Start of Information shown
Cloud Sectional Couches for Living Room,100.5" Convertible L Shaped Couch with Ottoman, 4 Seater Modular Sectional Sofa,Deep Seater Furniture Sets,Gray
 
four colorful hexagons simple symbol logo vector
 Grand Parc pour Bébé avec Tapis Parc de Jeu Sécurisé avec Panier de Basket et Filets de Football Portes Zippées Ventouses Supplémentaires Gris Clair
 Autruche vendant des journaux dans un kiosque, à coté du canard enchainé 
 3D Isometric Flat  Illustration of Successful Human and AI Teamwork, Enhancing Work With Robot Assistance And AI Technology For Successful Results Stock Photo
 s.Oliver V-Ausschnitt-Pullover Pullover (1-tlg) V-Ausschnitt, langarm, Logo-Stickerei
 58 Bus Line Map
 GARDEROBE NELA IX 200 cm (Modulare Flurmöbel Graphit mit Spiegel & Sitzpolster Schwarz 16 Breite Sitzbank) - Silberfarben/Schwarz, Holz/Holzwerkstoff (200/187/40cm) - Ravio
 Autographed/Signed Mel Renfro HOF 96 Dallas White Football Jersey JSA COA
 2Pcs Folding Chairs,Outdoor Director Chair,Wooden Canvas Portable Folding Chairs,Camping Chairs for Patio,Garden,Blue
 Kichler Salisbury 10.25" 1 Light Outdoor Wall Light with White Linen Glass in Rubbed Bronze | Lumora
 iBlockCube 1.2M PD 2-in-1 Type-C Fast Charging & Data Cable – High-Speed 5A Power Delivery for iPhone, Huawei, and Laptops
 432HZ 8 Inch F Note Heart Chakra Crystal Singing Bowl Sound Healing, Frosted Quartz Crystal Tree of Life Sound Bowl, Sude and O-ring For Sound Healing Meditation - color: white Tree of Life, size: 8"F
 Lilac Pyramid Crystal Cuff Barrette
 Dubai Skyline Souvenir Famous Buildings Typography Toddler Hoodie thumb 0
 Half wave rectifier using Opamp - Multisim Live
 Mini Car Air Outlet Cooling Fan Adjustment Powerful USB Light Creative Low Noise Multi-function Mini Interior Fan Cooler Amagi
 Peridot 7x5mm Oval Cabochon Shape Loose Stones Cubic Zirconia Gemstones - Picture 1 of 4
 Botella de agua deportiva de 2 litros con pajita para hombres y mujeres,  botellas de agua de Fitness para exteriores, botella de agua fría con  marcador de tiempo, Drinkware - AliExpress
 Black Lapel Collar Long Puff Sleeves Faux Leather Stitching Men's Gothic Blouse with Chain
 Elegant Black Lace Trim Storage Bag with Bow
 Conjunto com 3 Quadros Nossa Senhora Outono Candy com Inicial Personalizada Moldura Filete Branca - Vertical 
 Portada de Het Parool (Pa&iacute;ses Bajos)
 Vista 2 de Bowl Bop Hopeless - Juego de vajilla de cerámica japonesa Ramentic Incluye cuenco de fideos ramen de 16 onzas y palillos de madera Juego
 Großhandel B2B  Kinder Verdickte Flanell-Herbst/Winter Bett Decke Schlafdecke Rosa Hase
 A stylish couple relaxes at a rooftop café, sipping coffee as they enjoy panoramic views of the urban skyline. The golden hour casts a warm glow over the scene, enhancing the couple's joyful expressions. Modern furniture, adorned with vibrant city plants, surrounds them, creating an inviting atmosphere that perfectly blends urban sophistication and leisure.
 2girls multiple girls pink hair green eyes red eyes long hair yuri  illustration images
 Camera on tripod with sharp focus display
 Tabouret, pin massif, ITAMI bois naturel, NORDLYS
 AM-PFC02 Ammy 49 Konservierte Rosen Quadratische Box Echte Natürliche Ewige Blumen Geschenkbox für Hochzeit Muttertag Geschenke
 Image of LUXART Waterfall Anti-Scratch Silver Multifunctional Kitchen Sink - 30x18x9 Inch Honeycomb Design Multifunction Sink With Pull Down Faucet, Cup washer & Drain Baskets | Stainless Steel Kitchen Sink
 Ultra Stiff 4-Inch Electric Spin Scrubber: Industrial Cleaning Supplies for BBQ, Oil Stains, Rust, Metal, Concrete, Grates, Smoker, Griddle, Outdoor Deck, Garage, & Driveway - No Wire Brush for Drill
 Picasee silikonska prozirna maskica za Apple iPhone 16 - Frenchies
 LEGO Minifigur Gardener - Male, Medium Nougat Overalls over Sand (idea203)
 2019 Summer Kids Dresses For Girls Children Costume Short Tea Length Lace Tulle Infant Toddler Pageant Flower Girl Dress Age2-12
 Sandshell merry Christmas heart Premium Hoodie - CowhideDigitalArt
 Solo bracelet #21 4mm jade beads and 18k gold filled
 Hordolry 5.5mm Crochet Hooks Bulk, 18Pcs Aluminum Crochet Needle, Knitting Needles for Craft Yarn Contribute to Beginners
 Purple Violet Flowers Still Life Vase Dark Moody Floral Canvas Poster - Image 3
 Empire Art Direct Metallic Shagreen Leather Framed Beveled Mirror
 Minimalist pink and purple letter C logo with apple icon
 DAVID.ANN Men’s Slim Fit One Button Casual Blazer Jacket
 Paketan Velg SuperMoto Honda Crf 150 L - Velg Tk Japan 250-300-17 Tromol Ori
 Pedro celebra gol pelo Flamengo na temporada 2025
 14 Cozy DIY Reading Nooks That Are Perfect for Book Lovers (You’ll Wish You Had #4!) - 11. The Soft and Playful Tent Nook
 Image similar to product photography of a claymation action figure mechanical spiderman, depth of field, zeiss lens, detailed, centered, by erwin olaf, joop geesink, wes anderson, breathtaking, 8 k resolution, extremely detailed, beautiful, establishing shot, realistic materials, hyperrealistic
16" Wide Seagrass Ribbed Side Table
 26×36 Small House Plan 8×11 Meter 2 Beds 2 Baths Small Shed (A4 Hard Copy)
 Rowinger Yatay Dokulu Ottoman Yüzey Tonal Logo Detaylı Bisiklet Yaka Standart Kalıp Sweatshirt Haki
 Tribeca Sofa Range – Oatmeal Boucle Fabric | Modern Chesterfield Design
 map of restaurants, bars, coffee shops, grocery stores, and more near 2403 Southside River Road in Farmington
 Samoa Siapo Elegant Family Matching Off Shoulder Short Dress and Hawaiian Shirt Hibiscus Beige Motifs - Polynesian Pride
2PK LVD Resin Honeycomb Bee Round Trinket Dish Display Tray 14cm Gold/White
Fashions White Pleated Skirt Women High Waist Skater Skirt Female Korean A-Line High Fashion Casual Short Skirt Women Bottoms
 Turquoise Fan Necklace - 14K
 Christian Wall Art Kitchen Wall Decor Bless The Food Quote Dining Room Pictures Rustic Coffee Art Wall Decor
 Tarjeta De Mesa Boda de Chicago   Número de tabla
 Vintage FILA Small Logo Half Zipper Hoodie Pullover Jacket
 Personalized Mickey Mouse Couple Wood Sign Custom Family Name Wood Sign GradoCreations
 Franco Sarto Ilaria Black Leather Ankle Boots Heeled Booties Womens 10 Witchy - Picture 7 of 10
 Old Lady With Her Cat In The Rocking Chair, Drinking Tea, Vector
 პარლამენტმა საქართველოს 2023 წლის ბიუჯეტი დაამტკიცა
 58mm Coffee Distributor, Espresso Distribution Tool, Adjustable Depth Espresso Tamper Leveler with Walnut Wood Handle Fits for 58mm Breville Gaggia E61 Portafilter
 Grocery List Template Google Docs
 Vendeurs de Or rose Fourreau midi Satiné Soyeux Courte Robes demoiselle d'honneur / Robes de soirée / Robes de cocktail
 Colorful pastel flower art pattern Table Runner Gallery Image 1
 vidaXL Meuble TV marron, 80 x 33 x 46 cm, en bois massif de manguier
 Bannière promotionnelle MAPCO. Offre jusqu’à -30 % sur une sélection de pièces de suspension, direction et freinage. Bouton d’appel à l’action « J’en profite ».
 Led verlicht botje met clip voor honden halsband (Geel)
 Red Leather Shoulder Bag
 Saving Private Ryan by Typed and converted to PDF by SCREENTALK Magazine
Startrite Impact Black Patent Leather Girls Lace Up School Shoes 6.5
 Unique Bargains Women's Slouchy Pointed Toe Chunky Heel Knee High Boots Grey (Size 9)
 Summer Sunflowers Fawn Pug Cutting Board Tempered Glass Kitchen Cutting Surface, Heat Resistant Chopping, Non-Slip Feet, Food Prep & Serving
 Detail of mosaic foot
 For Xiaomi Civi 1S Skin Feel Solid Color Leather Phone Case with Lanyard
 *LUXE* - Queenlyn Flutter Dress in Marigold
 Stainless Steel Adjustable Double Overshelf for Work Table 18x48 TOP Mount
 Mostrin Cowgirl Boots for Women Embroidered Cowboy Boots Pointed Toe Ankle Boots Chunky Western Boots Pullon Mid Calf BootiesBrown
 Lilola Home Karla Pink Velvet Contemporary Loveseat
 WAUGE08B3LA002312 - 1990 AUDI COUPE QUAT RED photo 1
End of Information shown
#### Required work:
Above are the records; from them, give again exactly the lines from the one containing "Half wave rectifier" through the one containing "Elegant Black Lace Trim Storage Bag with Bow", both included.

#### Answer to the exercise:
 Half wave rectifier using Opamp - Multisim Live
 Mini Car Air Outlet Cooling Fan Adjustment Powerful USB Light Creative Low Noise Multi-function Mini Interior Fan Cooler Amagi
 Peridot 7x5mm Oval Cabochon Shape Loose Stones Cubic Zirconia Gemstones - Picture 1 of 4
 Botella de agua deportiva de 2 litros con pajita para hombres y mujeres,  botellas de agua de Fitness para exteriores, botella de agua fría con  marcador de tiempo, Drinkware - AliExpress
 Black Lapel Collar Long Puff Sleeves Faux Leather Stitching Men's Gothic Blouse with Chain
 Elegant Black Lace Trim Storage Bag with Bow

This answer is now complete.